Peter había estado aquí una vez, cuando trajo a sus tres hijos a Chicago de visita, varios años atrás. Lo observé crecerse visiblemente mientras calculaba el abismo entre nuestras ganancias netas actuales.

Comunicarme con él esa tarde necesitó todo mi poder de persuasión, y algunas pequeñas amenazas. Mi mayor preocupación, que pudiera estar fuera del país, o igualmente inaccesible en algún campo de golf, resultó ser infundada. Pero tenía un ejército de asistentes convencidos de que era preferible que atendieran ellos mi asunto a molestar al gran hombre. La escaramuza más difícil se presentó cuando finalmente pude hablar con su secretaria particular.

– Lo siento, señorita Warshawski, pero el señor Warshawski me ha dado una lista de los miembros de su familia que le pueden interrumpir y su nombre no figura en ella -el gangueo nasal de Kansas era educado pero inflexible.

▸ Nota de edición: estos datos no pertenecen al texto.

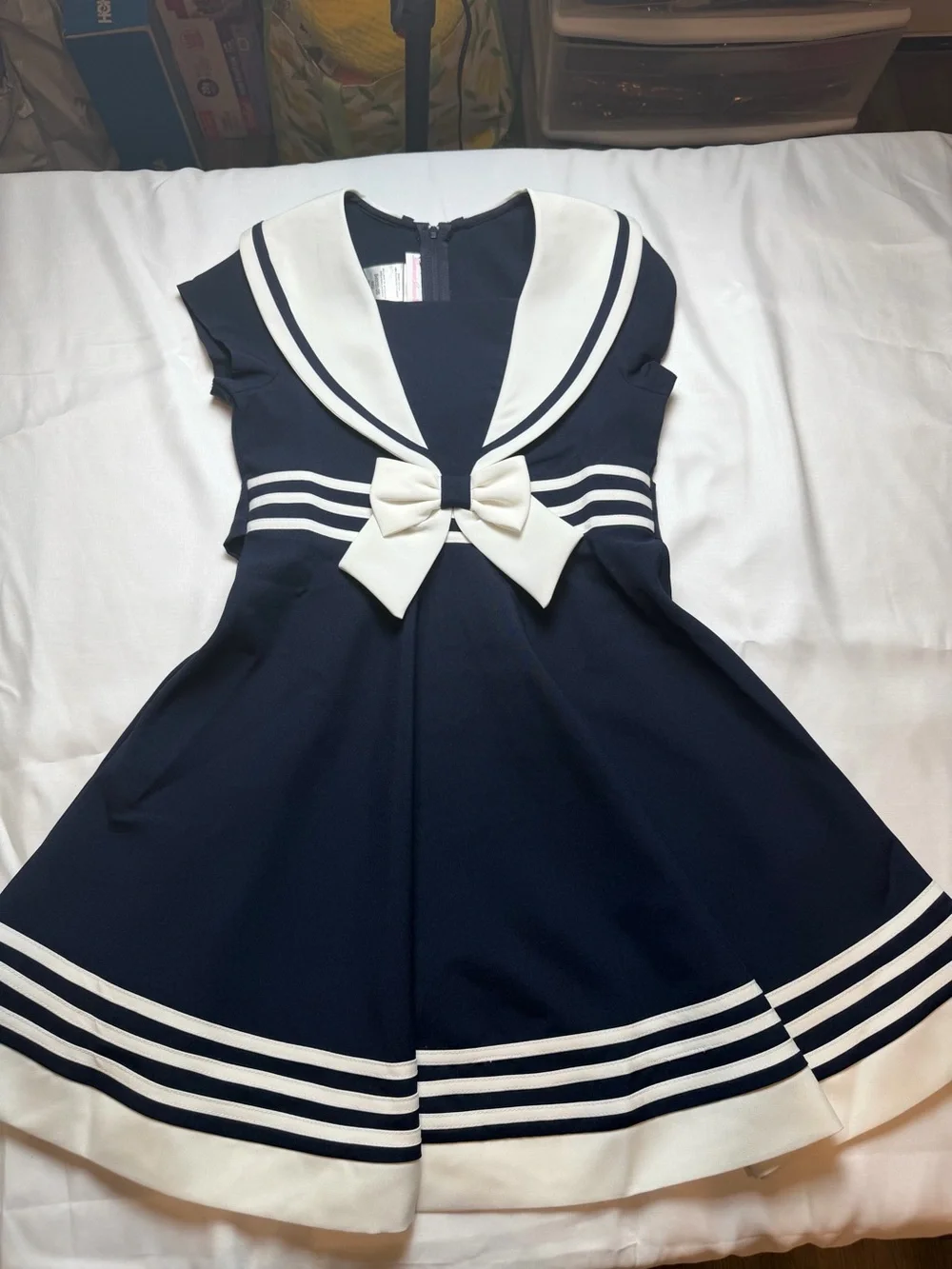 Bonnie Jean Navy Sailor-Style Dress Size 10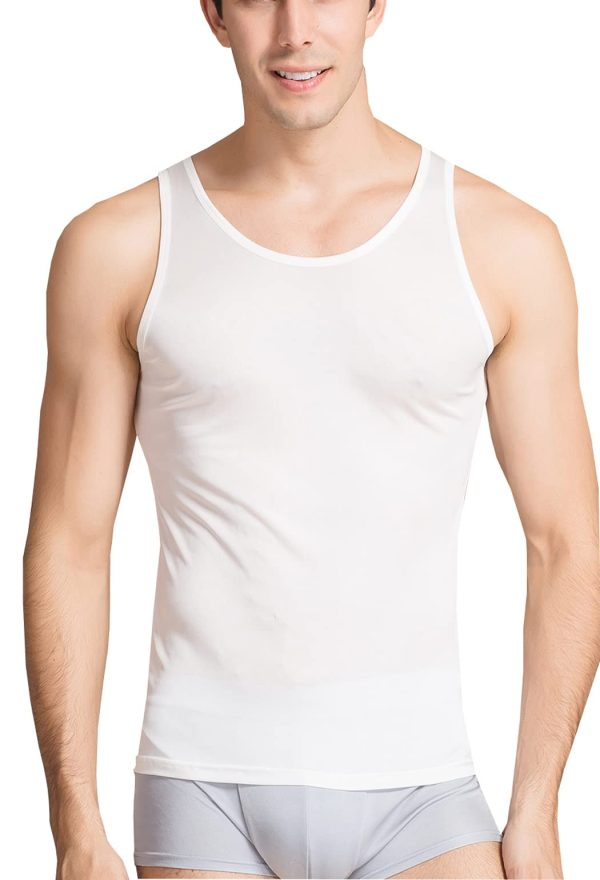 Men's Silk Tank Tops Sleeveless Pure Silk Undershirt Super Absorbent and Breathable Classic A Shirts
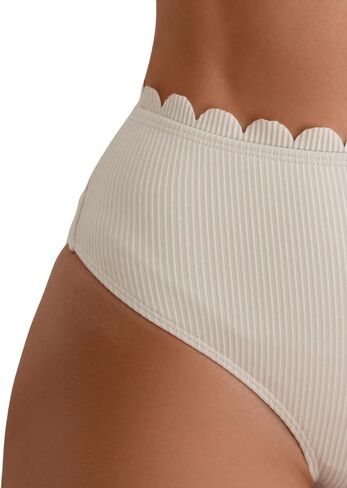 Floerns Women's 2 Piece Bikini Sets Scallop Trim High Waisted Bathing Suits in Saudi Arabia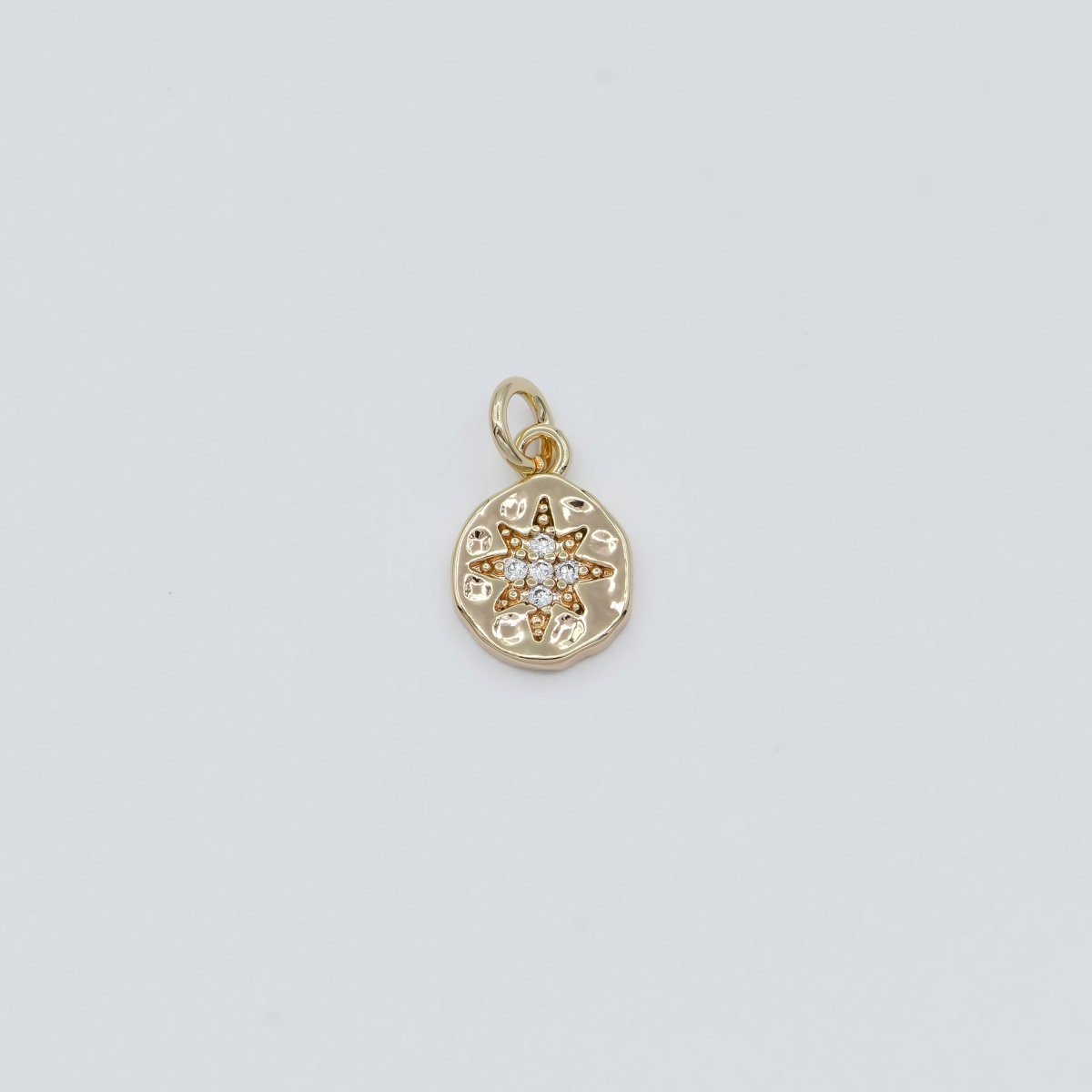 Dainty Gold Filled Star Crystal Coin Charm E-818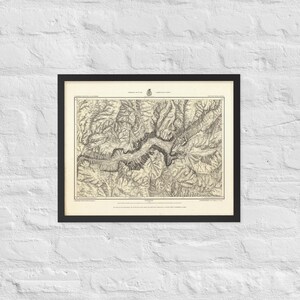 Topografische kaart van Yosemite Valley, 1883 | Historische USGS-lithografie | Julius Bien, Weyss, Wheeler Survey | Vintage muurkunst bergkaart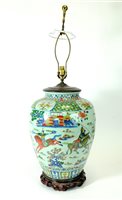 Lot 580 - A large Chinese porcelain vase lamp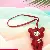 Wholesale European & American Rhinestone Bear Bag Charm Supply - Brick red with leather cord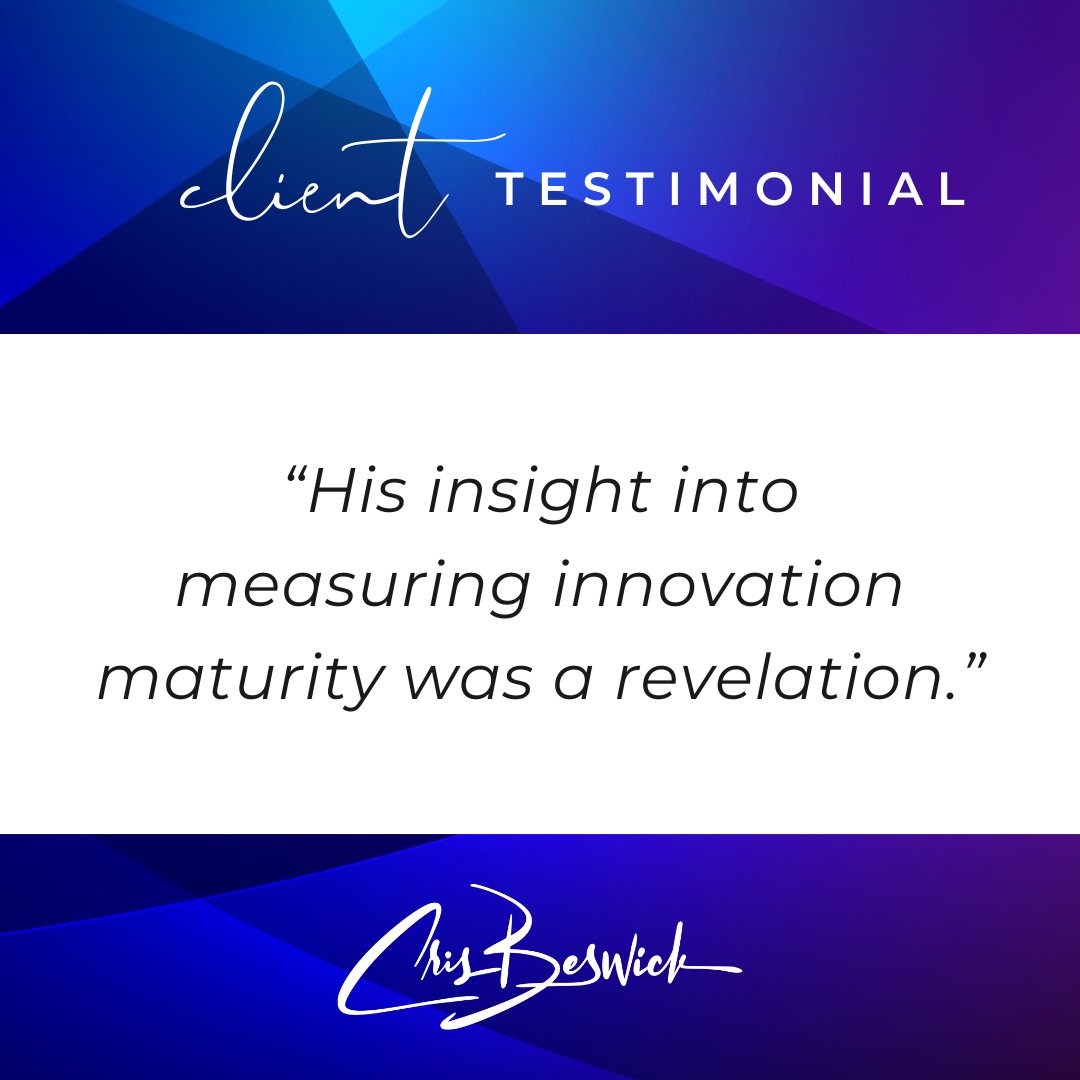 CrisBeswick's tweet photo. #ClientTestimonial

💬 "His insight into measuring innovation maturity was a revelation and has helped us to assess and improve our innovation capabilities."

#InnovationExpert #CrisBeswick #ThoughtLeader https://t.co/96P2NdutuL
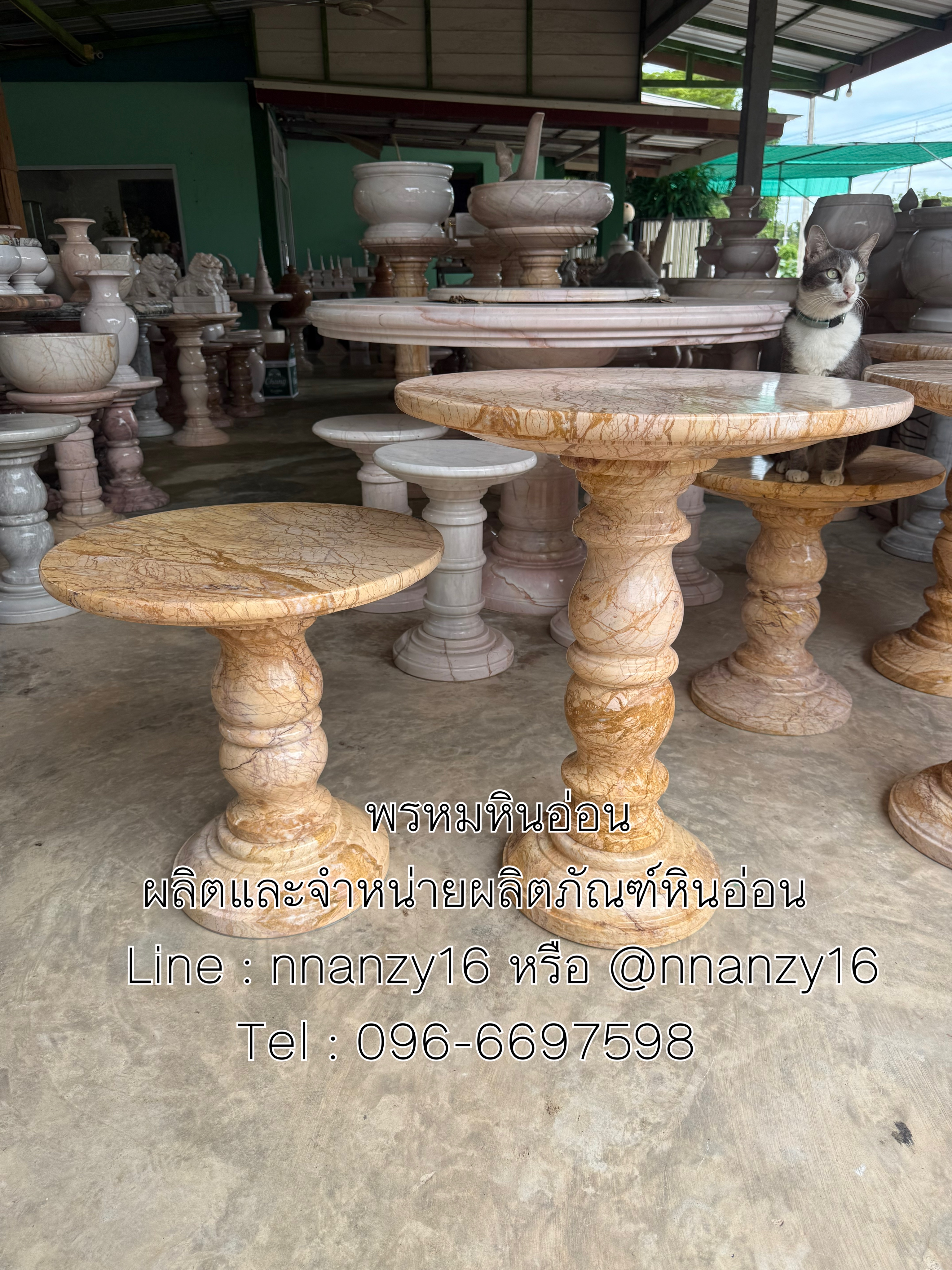 โต๊ะวางองค์ พร้อมโต๊ะวางของไหว้หินอ่อน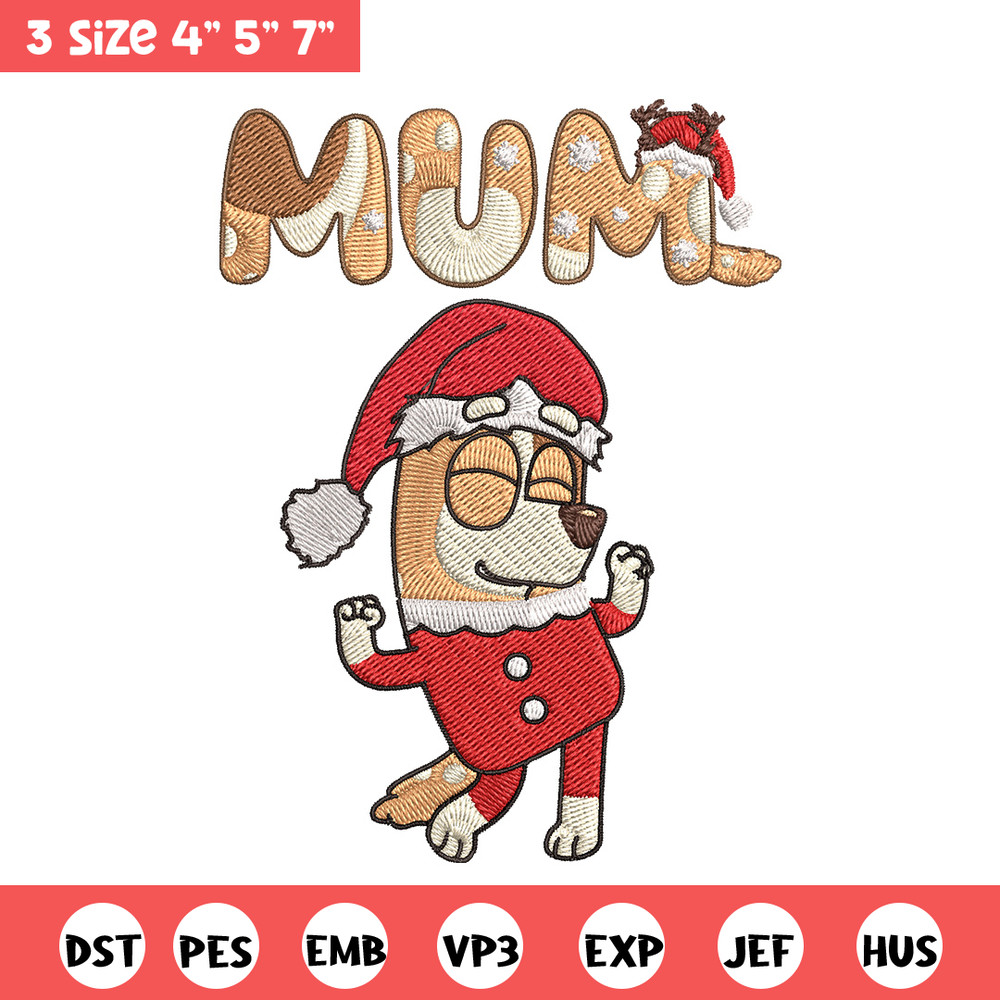 Chilli mom Embroidery Design, Bluey Embroidery, Embroidery File, Chrismas Embroidery, Anime shirt, Digital download.jpg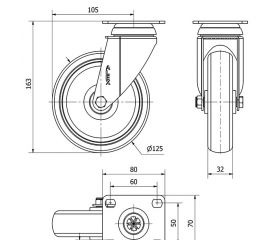 R.GIR.PLACA 10BHA125-PGZN POLIAMIX-GOMA GRIS INYECT.EJE LISO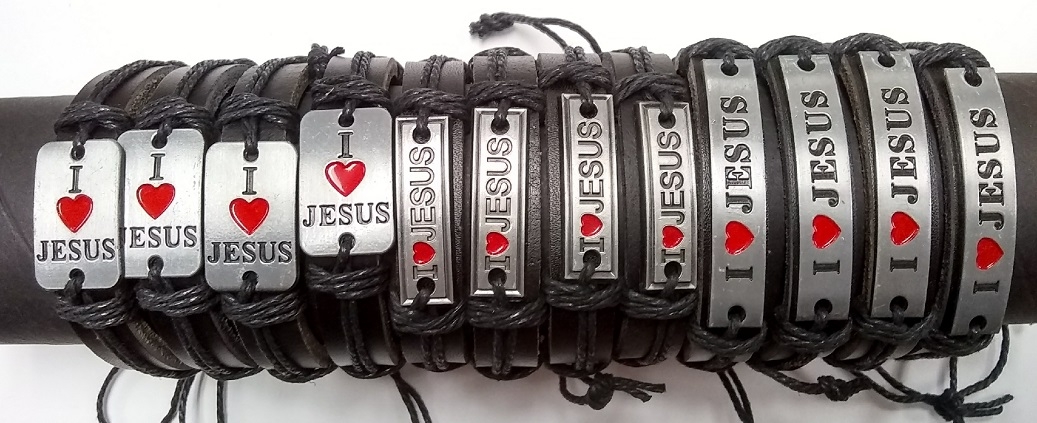 Fashion Jewelry - I Love Jesus Red Leather BRACELETs YBT-2505 SOLD BY THE DOZEN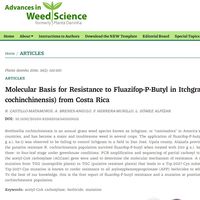 Molecular basis for resistance to fluazifop-P-butyl in itchgrass  (Rottboellia cochinchinensis (Lour.) W.D. Clayton) from Costa Rica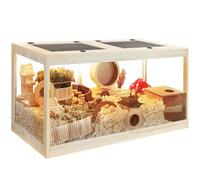 PROLEE Hamster Cage with Metal Mesh Top, Chewproof Wooden Guinea Pig Cages, Mice and Rat Habitat,Large Hamster Cages with Acrylic Sheets Solid Built, 24 inch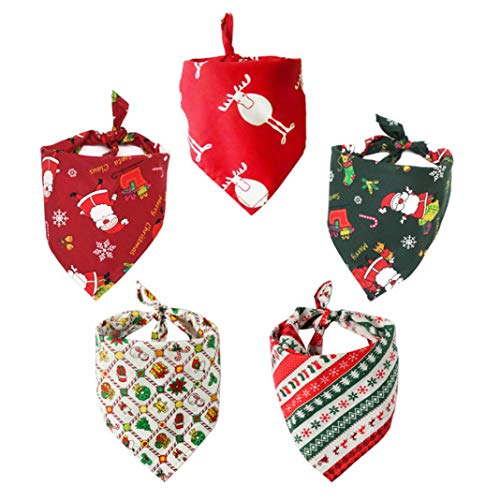 CactusAngui Acessórios para cães Cachecol Natal Pet Dog Puppy Santa Elk Snowflake Bandana Babadores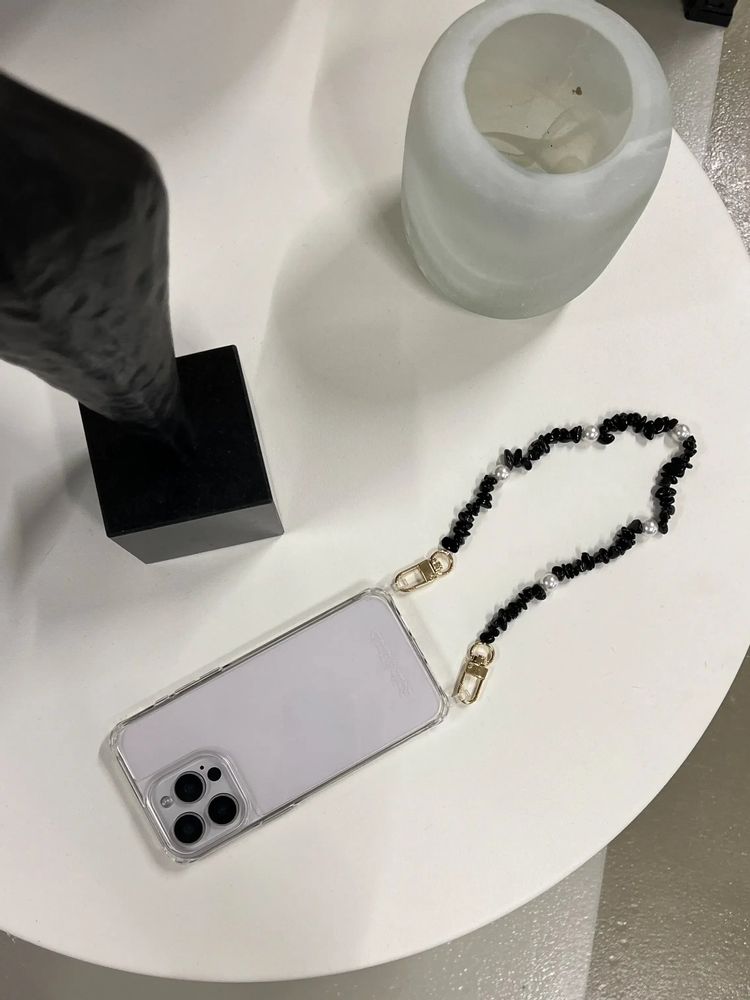 Gifts - Shell Whisper Short PHONE STRAP BLK - FOLIE À TROIS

Observé a las palomas buscándose los piojos.

– ¿Podría transmitirle un mensaje mientras yo espero al teléfono? Que su hermana Elena llegará a Kansas City en el vuelo de las seis y que cogerá un taxi hasta su casa.

– ¿Sabe él que va a venir?

– Nooo. Por eso estoy intentando comunicarme. Para decírselo.

Cinco minutos más tarde -mientras pasaban aceleradamente los pasos del teléfono, con tarifa de primera hora del día-, la profunda voz de Peter resonaba en mi oído. Qué diablos significaba eso, qué era eso de mandarle a Elena así, sin avisarle. No estaba dispuesto a que sus hijos se vieran expuestos a una borracha como ésa, no tenían espacio para invitados, creía haberlo dejado muy claro cuatro años antes, que nunca más…

– Sí, sí -por fin pude detener el caudal-. Lo sé. Sencillamente, una mujer como Elena no le pega a un sitio como Mission Hills. Los borrachos de allí se hacen la manicura todas las semanas. Entiendo.

No era la mejor introducción para una solicitud de ayuda financiera. Cuando terminó de clamar a voces su indignación, le expliqué el problema. Contrariamente a lo que esperaba, la noticia de que Elena estaba aún en Chicago no le alivió lo suficiente como para que consintiera en echarle un cable.

– Categóricamente, no. Se lo dejé totalmente claro la última vez que la ayudé. Fue cuando perdió estúpidamente la casa de mamá en aquel ridículo plan de inversión. Tal vez recuerdes que contraté a un abogado para ella, que vio que se podría recuperar algo con la venta. Eso fue todo, mi último compromiso con sus asuntos. Es hora de que aprendas la misma lección Vic. Una alcohólica como Elena te chupará hasta la última gota. Cuanto antes te des cuenta de eso, más te facilitarás la vida.

Oír algunos de mis propios pensamientos negativos de sus pomposos labios me hizo revolverme en mi silla.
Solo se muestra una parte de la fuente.